Tuesday, March 10, 2009

Finding Mr. Right

By Kevin Murphy, M.Sc.,
Psychoanalytic Psychotherapist
Dublin, Ireland.

You will often hear women say that the business of finding love can be a fraught affair. For the lucky ones it seems to happen with the greatest of ease. They find the perfect partner almost by chance, they live a happy, fulfilled life, achieve all their joint and individual goals and everything in their garden is rosey. I accept that it is an attractive ideal but let’s not get too carried away with imagining just how green the other person’s grass can be. Inherent in this fantasy, alluring as it might be, and no doubt supported here and there by examples in reality, there is a notion of perfection. And as we know from looking around us, perfection does not really exist. When those wiser than us once said that into every life a little rain must fall, they weren’t making it up. So let’s keep that in mind.

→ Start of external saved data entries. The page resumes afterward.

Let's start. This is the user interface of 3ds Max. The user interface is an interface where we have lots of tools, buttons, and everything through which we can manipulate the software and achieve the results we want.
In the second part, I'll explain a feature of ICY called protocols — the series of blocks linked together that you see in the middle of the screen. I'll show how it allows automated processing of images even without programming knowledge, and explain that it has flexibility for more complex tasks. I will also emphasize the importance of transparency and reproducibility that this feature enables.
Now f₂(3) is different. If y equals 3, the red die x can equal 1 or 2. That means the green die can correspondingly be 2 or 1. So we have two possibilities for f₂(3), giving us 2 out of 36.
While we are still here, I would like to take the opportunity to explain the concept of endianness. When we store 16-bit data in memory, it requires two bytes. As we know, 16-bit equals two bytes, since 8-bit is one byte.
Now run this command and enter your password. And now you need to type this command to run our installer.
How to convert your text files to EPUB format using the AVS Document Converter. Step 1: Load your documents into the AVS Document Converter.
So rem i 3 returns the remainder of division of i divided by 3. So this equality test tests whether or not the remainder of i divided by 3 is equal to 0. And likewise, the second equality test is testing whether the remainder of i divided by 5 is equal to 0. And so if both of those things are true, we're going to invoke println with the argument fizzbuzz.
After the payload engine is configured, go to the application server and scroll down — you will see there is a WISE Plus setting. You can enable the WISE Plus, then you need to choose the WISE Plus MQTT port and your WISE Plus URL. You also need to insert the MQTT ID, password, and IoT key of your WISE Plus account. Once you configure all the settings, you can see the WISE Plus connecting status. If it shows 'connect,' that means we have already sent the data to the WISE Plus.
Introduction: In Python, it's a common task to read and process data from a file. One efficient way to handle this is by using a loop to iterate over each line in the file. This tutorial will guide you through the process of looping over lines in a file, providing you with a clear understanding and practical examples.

Other women, however, never seem to have this ‘finding of the perfect love’ happen to them. Either Mr Right never comes along, or if he does he never stays for very long. Now that can be due to a number of factors. I have come across female clients who often feel they set up their relationships in order to fail. That there is something, not anything particular they can put their finger on, but something in the way they construct and approach the relationship with a man - usually but not exclusively a man - that carries within it the seeds of failure. Needless to say I have come across men who have the same attitude but let’s stick with the woman’s side of things for now.
There are also some women who find the ‘perfect’ man but for some reason he doesn’t love her in the same way, with the same intensity, with the same unconditional passion. No matter what she does she just can’t seem to get him to turn up the intensity. And then there are others who find the right man, one who loves them in precisely the way they want to be loved, but who suffers from that curious male confusion whereby he says he wants to be with them but the next minute says he feels he can’t be with them.

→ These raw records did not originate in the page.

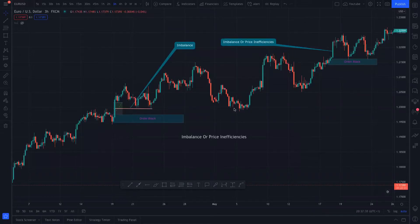Hello guys, welcome back to part 3 of the order block strategy. By now you already know what an order block is and how to refine it. If you don't know, go back to my previous videos and you will get to know what those concepts are and why they happen in the market, then come back here for the next part.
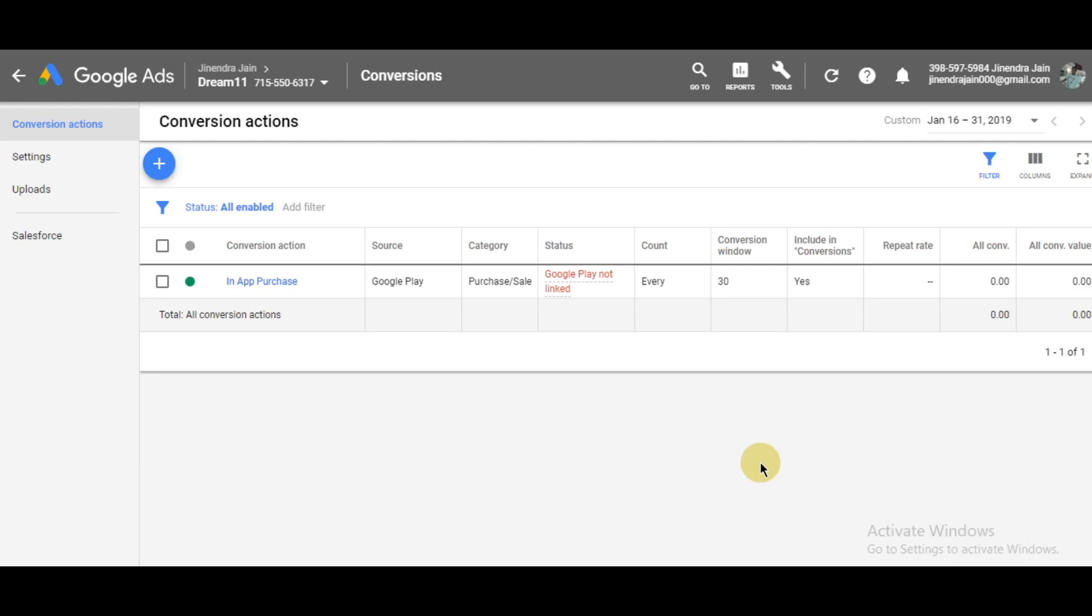Okay, so in this video I'm going to show you how to link your Google Play developer account with your Google Ads account. If you want to track conversions related to the app, it could be the app install or in-app purchase conversion, then you need to link your Google Ads account with the developer account.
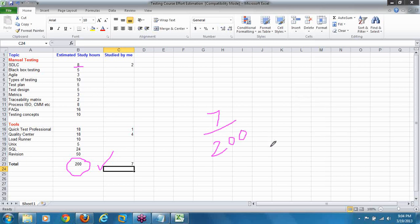Does it make sense to expect a job by studying just 7 hours? No. You cannot expect a job without completing your part. Your part is to study at least 200 hours. There is no guarantee you will get the job just by studying 200 hours — this is the minimum time you need to spend to face the client interview. Some of you have the incorrect understanding that testing is very easy. No, testing is not easy, though testing is easier compared to development.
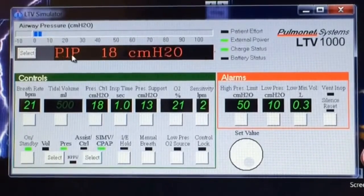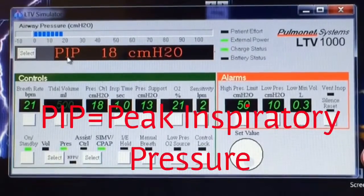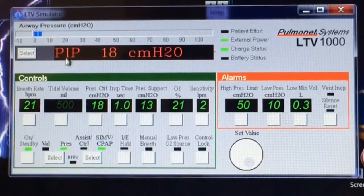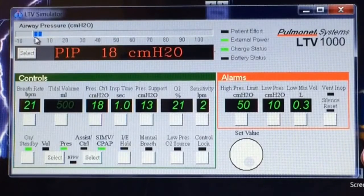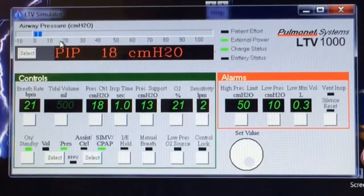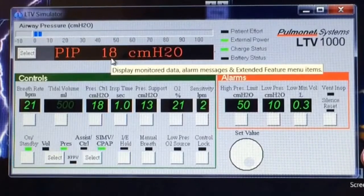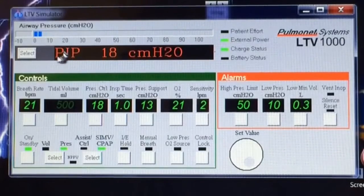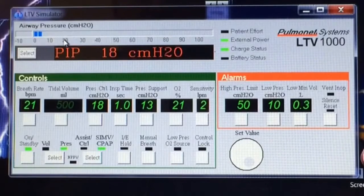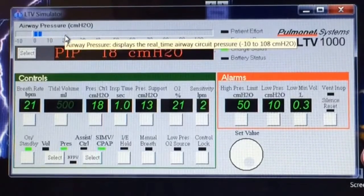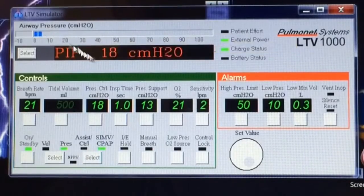The PIP is the peak inspiratory pressure — that's the highest pressure during the previous breath. As you can see up here on the pressure bar, it's giving a breath and it stops right here about 18. There is an internal option that when it gives the breath, it'll leave the LED light lit up at the highest pressure, so if you see that light stay on sometimes, that is why.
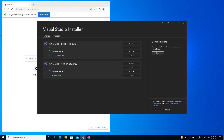Hello everyone, welcome back. In this video we will look at downloading and installing Microsoft SQL Server for Visual Studio 2022. Microsoft SQL Server, or MSSQL, is a relational database management system — its primary function is retrieving and storing data as requested by other software applications. We're going to use SQL Server Express, which is the free edition of SQL Server.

And then we have the more worrying version of the woman who falls head over heels for the wrong guy. Not only do all her friends tell her he’s the wrong guy but, intuitively, she knows it herself. This kind of woman is perfectly capable of telling someone else, should they be in a similar situation, to get out of there as fast as they can. And yet, uncannily, can be incapable of following her own advice when it comes to her own relationship.
What do you call that? What do you call it when a woman is in relationship with someone whom they adore and yet who shows practically no signs of returning the love? That type of unresponsive partner can just as easily slip across the line to being abusive, through verbal, psychological or physical means, and still the woman remains in the relationship.
Modern psychoanalytic theory, particularly Lacanian theory, has spent a vast amount of time writing and researching from the clinical setting on the subject of the sexual relationship. From that perspective, it throws very interesting light on what it is that operates in the woman (or equally the man) who finds themselves in any or all of the situations mentioned above. Although the context is the sexual or romantic relationship, it isn’t purely about sex.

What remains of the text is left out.